Darren McGarvey's Scotland is loosely based on his book Poverty Safari (Photo:Tern TV / Steven Reynolds)
Darren McGarvey's Scotland is loosely based on his book Poverty Safari (Photo:Tern TV / Steven Reynolds)

New TV series takes viewers on a Poverty Safari

Activist and prize-winning author Darren McGarvey takes a tour of a Scotland he knows only too well in this new six-part series.

Known to many as the rapper Loki, his book Poverty Safari – chronicling his childhood and teen years in Pollok in Glasgow and the issues he saw around him – won the Orwell prize in 2018.

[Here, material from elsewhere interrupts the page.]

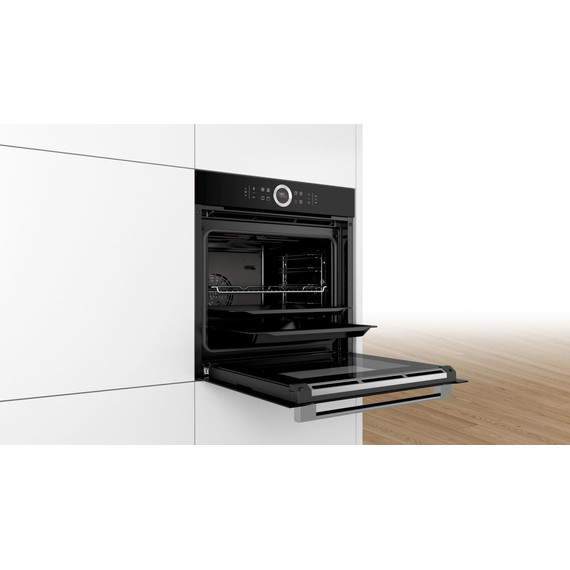 Встраиваемый электрический духовой шкаф Bosch Serie 8 HBG634BB1 - 5 Встраиваемый электрический духовой шкаф Bosch Serie 8 HBG634BB1 фото 5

For this series, rather than a keyboard, he takes TV cameras across Scotland to highlight issues and confront what he sees as the rampant rise of poverty and inequality.

As he says directly to viewers in the opening titles of the series: ‘I want to immerse you in the world I grew up in…A world defined by poverty! By the age of 18, I was just another statistic… Another angry, confused young man with alcohol and drug problems.’

Over the course of the six episodes, it is a very personal take on the ground level reality of poverty in Scotland and how the effects play out and impact on so many lives in a desperate range of ways.

In Dundee he meets people counting the very personal toll of many drug deaths, in Edinburgh, a young mum living in deprivation with a toddler affected by respiratory problems, and in West Dunbartonshire, the focus is on how poverty affects women…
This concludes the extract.